Fundamentals of Modern Statistical Methods – Wilcox
This book reviews ‘traditional’ parametric statistics and provides a good overview of robust statistical methods. There is a fair amount on the historical evolution of various techniques, and I found that a bit unnecessary. But overall, this is still a solid introductory text to learn about statistical inference using robust techniques.
Mostly Harmless Econometrics – Angrist
While I don’t regularly work with instrumental variables, generalized methods of moments, or regression discontinuity, this book is a great high level introduction to econometrics. The chapters on regression theory and quantile regression are phenomenal.
Regression Modeling Strategies – Harrell
This is my most referenced book and the one that really helped in my overall development as an applied statistician.
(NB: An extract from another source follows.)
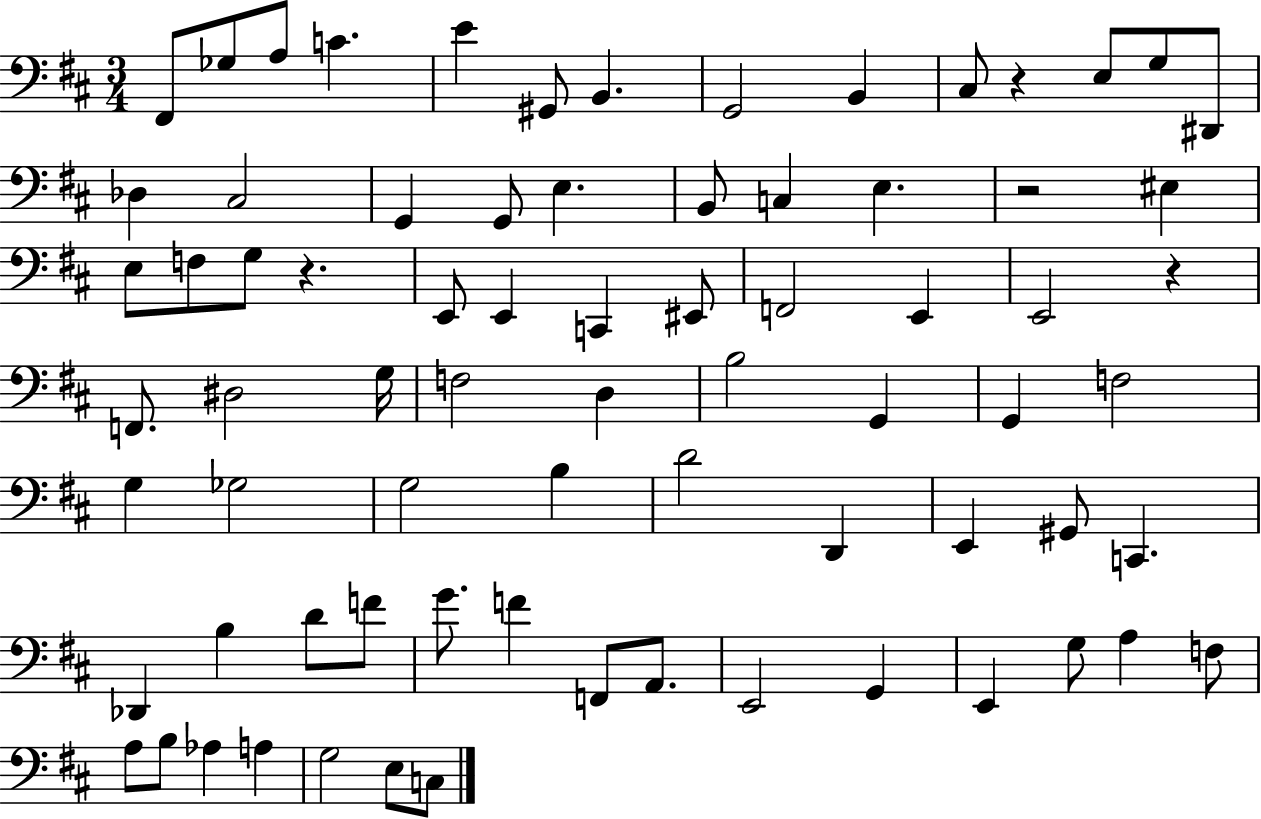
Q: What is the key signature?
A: D major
All the important topics are covered, from imputation, regression splines, and so forth. This book includes R code for performing analysis using the RMS package. I end up citing this book quite a lot. For example, in a recent work email, I mentioned that Harrell “also says on page 61 that “narrowly distributed predictor variables will require higher sample sizes.”” Essential reading in my opinion.
Data Analysis Using Regression and Multilevel/Hierarchical Models – Gelman and Hill
The first half of this book cover statistical inference using single level models and the second half is dedicated to multilevel methods. Given that I am rarely work with panel data, I use the first half of this book a reference for things that I may need a quick refresher on. It is very accessible and has plenty of examples with R code.
Semiparametric Regression for the Social Sciences – Keele
This is one of my favorite statistical books. Well written and easy to comprehend, but still rigorous. Covers local regression, splines, and generalized additive models. There is also a solid chapter on the use of bootstrapping with semiparametric and nonparametric models.
Statistical Learning from a Regression Perspective – Berk
As a skeptic who is wary of every hype machine, I really enjoyed Berks preface in which he discusses the “dizzying array of new statistical procedures” that have been introduced over the past several decades with “the hype of a big-budget movie.” I got this text for its treatment of topics such as boosting, bagging, random forest, and support vector machines. I will probably need to reread this book several more times before I fully comprehend everything.
Time Series: a Biostatistical Introduction – Diggle
The lack of quality time series books is really infuriating. Don’t get me wrong, there are some good texts on forecasting, such as the free online book from Hyndaman. However, I’ve yet to find a really good intermediate level treatment of time series analysis besides this one. Contains good coverage of repeated measurements, ARIMA modeling, and forecasting.
Statistical Rethinking – McElreath
While I was introduced to robust techniques and nonparametric statistics in graduate school, there was nothing on Bayesian methods. Due to a fear of the topic, I avoided learning about it until this past year. This book by McElreath has been great as it is very accessible and provides code for understanding various principles. Over the next year, I am hoping to dive deeper into Bayesian techniques and this was a good first step.